依旧从BerkeleyX: ColWri2.2x Principles of Written English 抄过来的。我真的对这门课是相见恨晚！呜呜，我写英文各种罗嗦（楼下群众：你中文更罗嗦好不好？你看落园多少废话？）
what causes wordiness?
Wordiness is using more words than you need to in order to write what you mean. Everyone has a tendency to be too wordy at times. Some of the causes of this wordiness are:
- Trying to sound too formal or academic. Unfortunately, in academic writing, there are a lot of examples of wordy writing. This doesn't mean you have to model your writing on bad examples. Your readers will always appreciate if you state your ideas clearly, and using no more words than needed.
- Not knowing more precise vocabulary. For example, saying, She ran quickly to the store can be made somewhat less wordy, and more precise, by saying: She raced to the store (race=run quickly). Finding the right vocabulary can help you cut down the number of words you use. Every reduction helps, even if it's only a word or two.
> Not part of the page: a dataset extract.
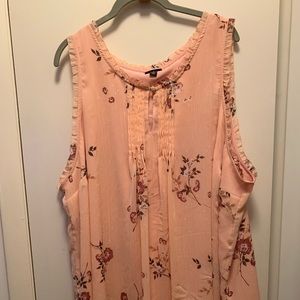 Torrid dusty rose floral tank with pleating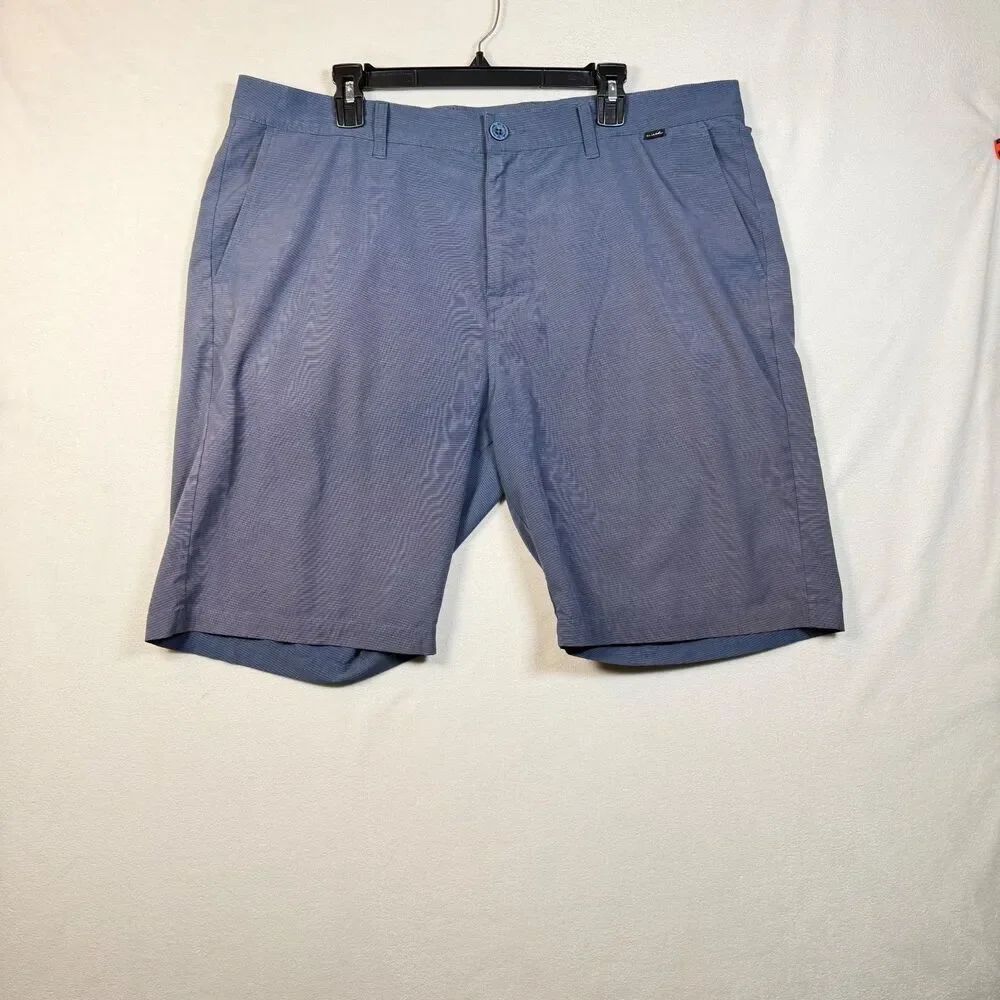 TravisMathew Blue Golf Shorts Men Size 40 Stretch Performance Flat Front 10”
- Using too many unnecessary and vague modifiers. Typically, modifiers like really, very, quite, and similar words add no meaning to your writing. If you need to modify a word, find precise modifiers. For example, instead of There's a really tall building near my house, write: There's a 50-story building near my house.
- Using too many prepositional phrases or possessives. These types of phrases can add length to your sentences, often unnecessarily. So, instead of The car belonging to Mr. Wang is in the garage [10 words], write: Mr. Wang's car is in the garage [7 words].
Writing less wordy prose
One problem many writers have with wordiness is relying on some standard phrases that they hear or read. The table here, taken from the first part of this course, has a brief introduction of some of these wordy phrases:
|based on the fact that||because|
|despite the fact that||although|
|in the event that||if|
|at the present time||now|
|until such a time as||until|
|on a weekly basis||weekly|
|it is often the case that||often|
|have the ability to||can|
|during the course of||during|
|take under consideration||consider|
|to be of the opinion||to think|
|to make reference to||to refer to|
|in the final analysis||finally|
Some steps to take to reduce wordiness when reviewing your work:
- Look for any of the phrases from this table and write them more succinctly.
- Look for places where you use modifiers, such as adjectives or adverbs. Consider whether the modifier adds important information. If it doesn't, remove it or change it to be more precise. If you keep the modifier, ask if there is a more precise single-word vocabulary item that expresses the same meaning as the word + modifier.
- Look at any sentences in your writing that seem long. Determine if there are ways to cut the length of the sentence.
- Read your sentences out loud, one by one. Sometimes wordiness reveals itself when you hear it rather than see it.
- Don't use a passive verb construction when active would be better. Instead of writing The bill was paid by us, write: We paid the bill.
- Eliminate unnecessary personal commentary. Often, phrases like I believe, I think, I just want to emphasize, etc. are not needed to make your point.
It takes time to recognize wordiness in your own writing. However, the process will pay off--your writing will become much easier to read, or rather, your writing will be more readable.